• Exercise description:
Quote the records below in full, exactly as given, with the images taken out.

Available records Block Start

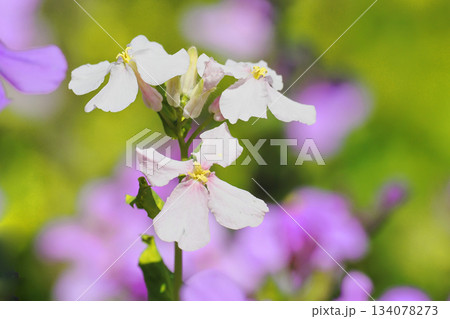 ムラサキハナナの花（白花） 134078273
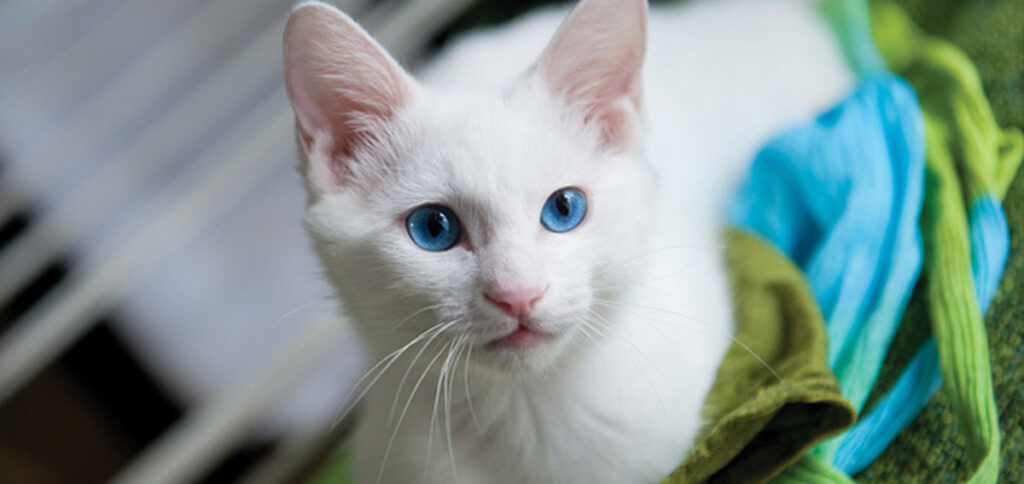 Manee Khao Manee Cat Breed Information & Characteristics! - petflair.co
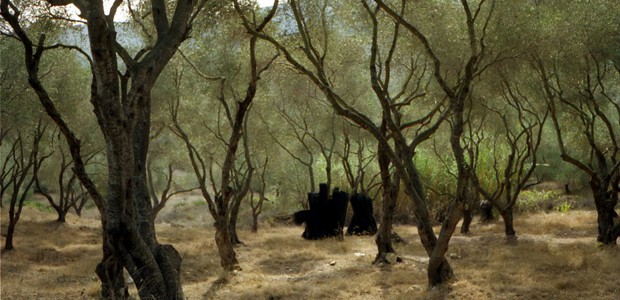 Coven warning Coven, photo by Barry Lewis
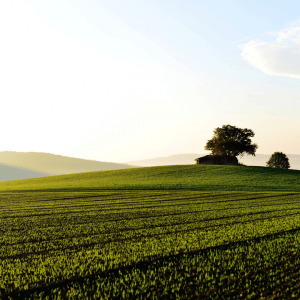 BLOG RELAUNCH: SECURE THE BAG 2021 4 Blog relaunch, the land is green.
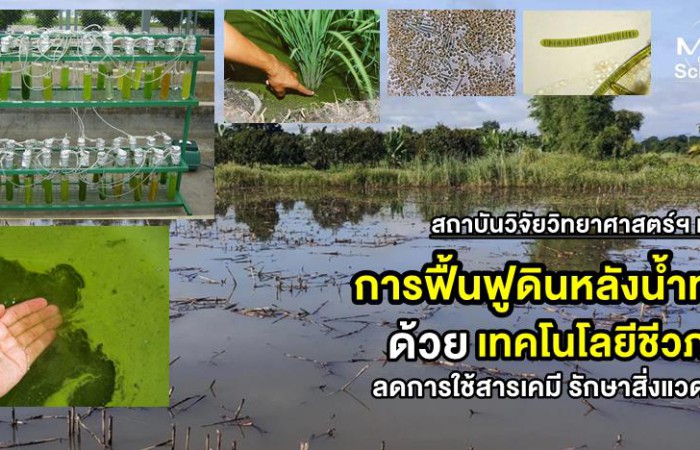 วว. แนะนำการฟื้นฟูดินหลังน้ำท่วม ด้วยเทคโนโลยีชีวภาพ ลดการใช้สารเคมี รักษาสิ่งแวดล้อม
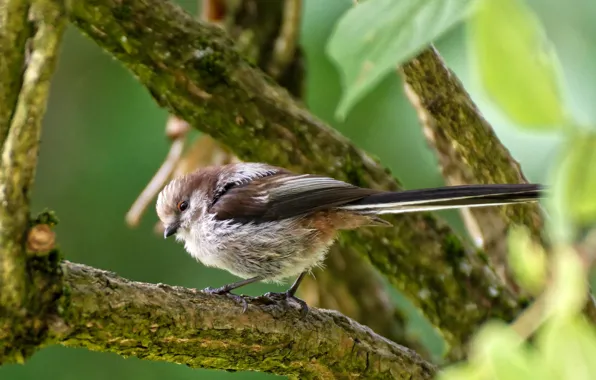 Leaves, trees, branches, nature, bird, long-tailed tit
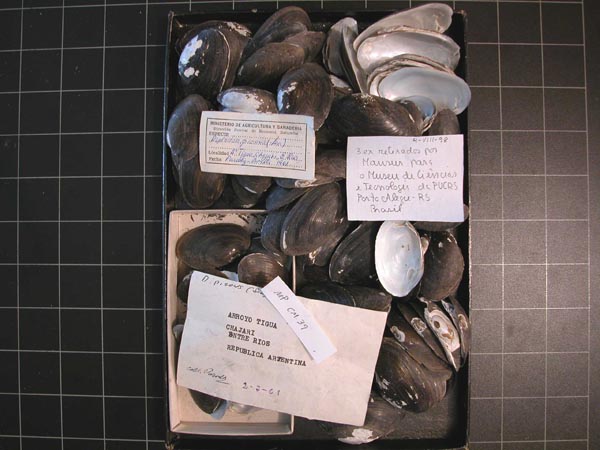 image of lot CM_MP_39 image of lot CM_MP_39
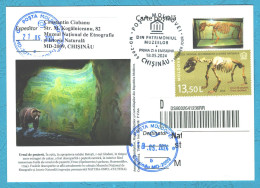 Moldova , 2024 , From The Museums’ Patrimony, Cave Bear , Paleontology , Postmark First Day - Moldavie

Available records Block End

• Response area:
 ムラサキハナナの花（白花） 134078273
 Manee Khao Manee Cat Breed Information & Characteristics! - petflair.co
 Coven warning Coven, photo by Barry Lewis
 BLOG RELAUNCH: SECURE THE BAG 2021 4 Blog relaunch, the land is green.
 วว. แนะนำการฟื้นฟูดินหลังน้ำท่วม ด้วยเทคโนโลยีชีวภาพ ลดการใช้สารเคมี รักษาสิ่งแวดล้อม
 Leaves, trees, branches, nature, bird, long-tailed tit
 image of lot CM_MP_39 image of lot CM_MP_39
 Moldova , 2024 , From The Museums’ Patrimony, Cave Bear , Paleontology , Postmark First Day - Moldavie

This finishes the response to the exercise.